Exercise instructions:
Omitting all pictures, print the lines of the listing from the one containing "U Borovu Selu" through the final line, both ends included, with no other text.
═══ Information supplied ═══
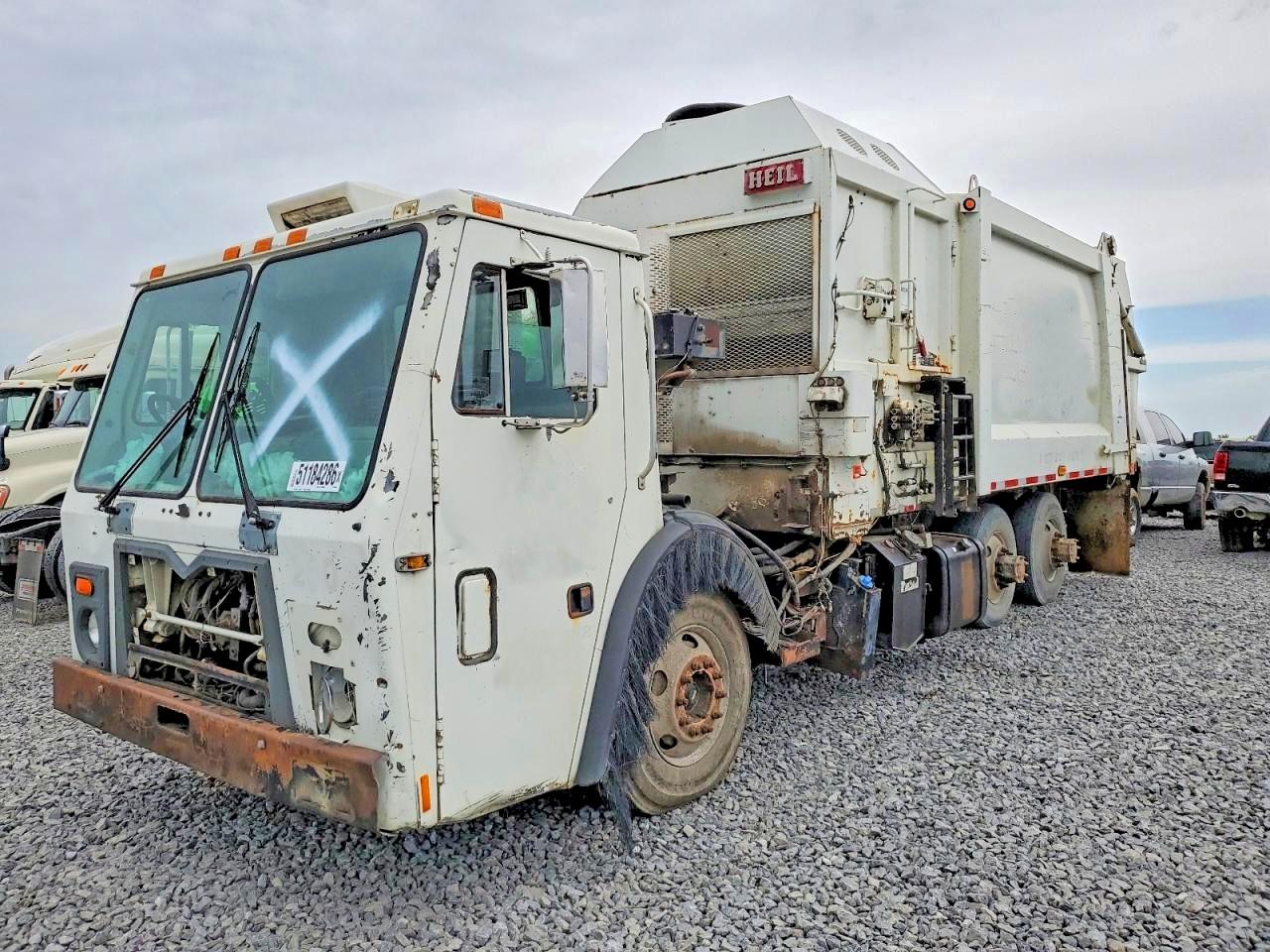 2011 MACK All other VIN 1M2AU02C5BM005492 photo 2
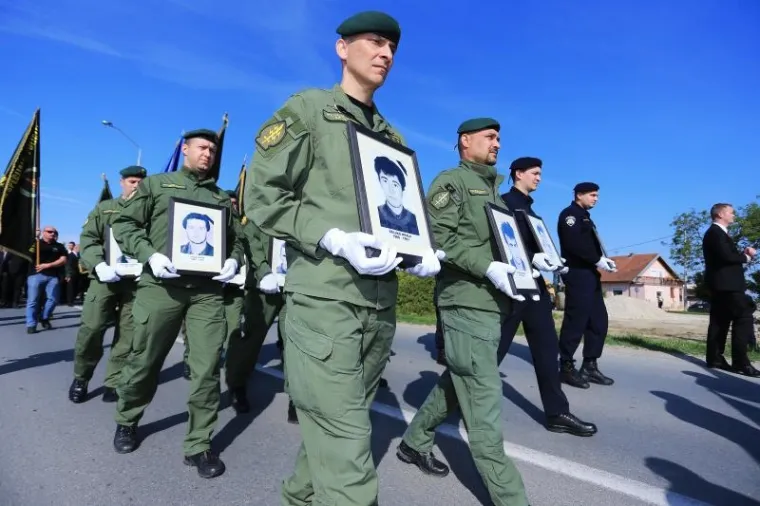 U Borovu Selu obilježava se 26. obljetnica pogibije 12 hrvatskih redarstvenika, koji su upali u zasjedu srpskih paravojnih postrojbi. Mimohodu je nazočila predsjednica Kolinda Grabar-Kitarović, kao i ministar branitelja Tomo Medved.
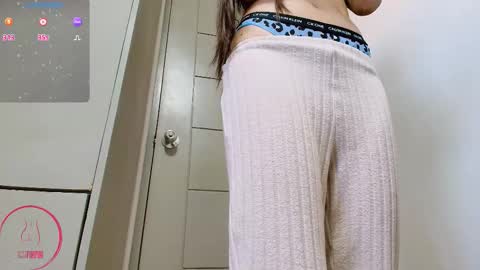 PukiPuki online show from November 11, 1:27 am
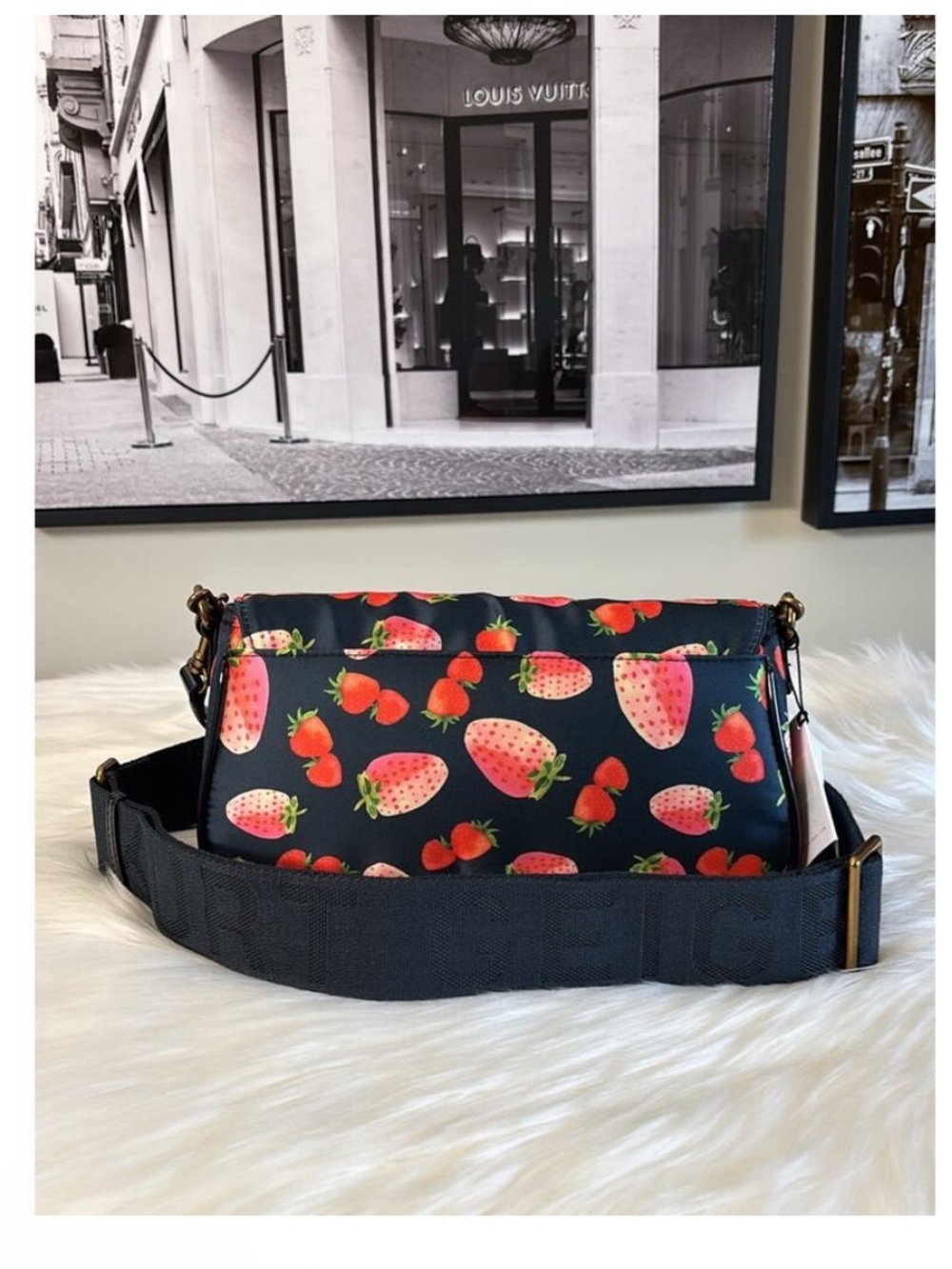 NWT Kurt Geiger London Navy
Strawberry Print Shoulder
Crossbody Bag - Picture 5 of 7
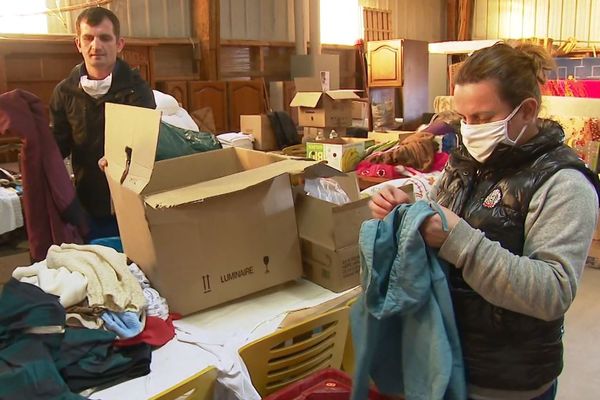 Les bénévoles et les compagnons d'Emmaüs  dans la Sarthe ne manquent pas d'activité pendant ce confinement.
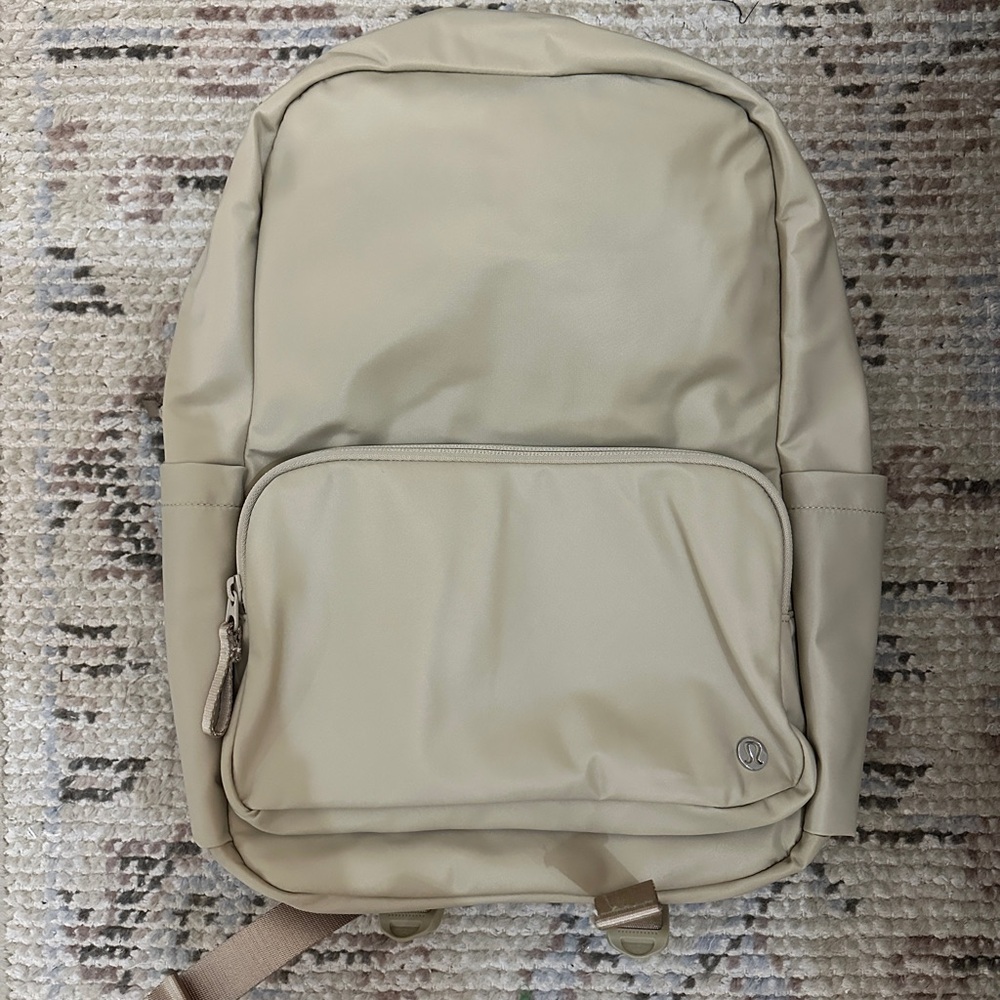 Lululemon Everywhere Backpack 22L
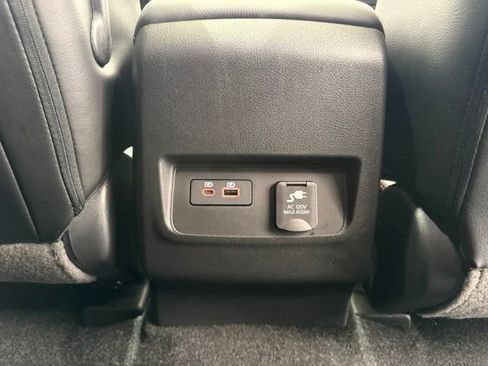 Used 2024 Nissan Frontier PRO-4X AWD/4WD image 27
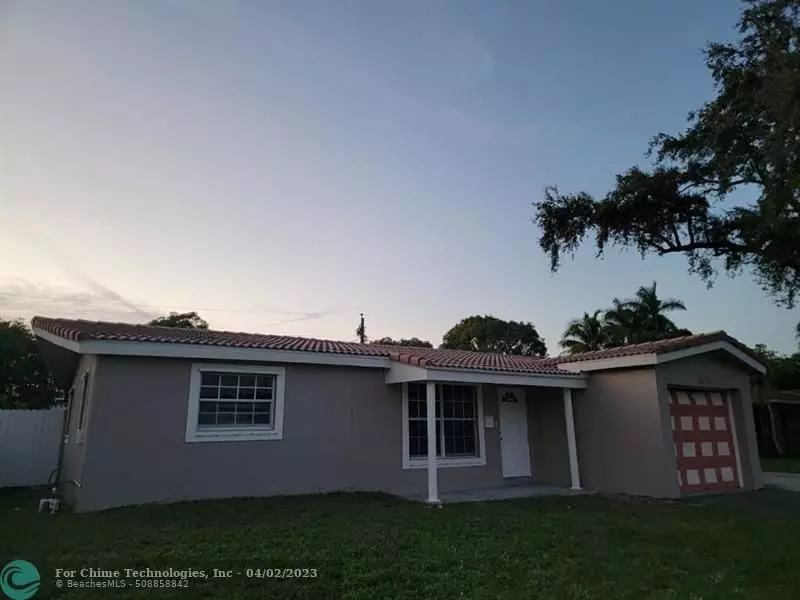 3571 NW 35th Ave, Lauderdale Lakes, FL 33309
═══
Task result:
 U Borovu Selu obilježava se 26. obljetnica pogibije 12 hrvatskih redarstvenika, koji su upali u zasjedu srpskih paravojnih postrojbi. Mimohodu je nazočila predsjednica Kolinda Grabar-Kitarović, kao i ministar branitelja Tomo Medved.
 PukiPuki online show from November 11, 1:27 am
 NWT Kurt Geiger London Navy
Strawberry Print Shoulder
Crossbody Bag - Picture 5 of 7
 Les bénévoles et les compagnons d'Emmaüs  dans la Sarthe ne manquent pas d'activité pendant ce confinement.
 Lululemon Everywhere Backpack 22L
 Used 2024 Nissan Frontier PRO-4X AWD/4WD image 27
 3571 NW 35th Ave, Lauderdale Lakes, FL 33309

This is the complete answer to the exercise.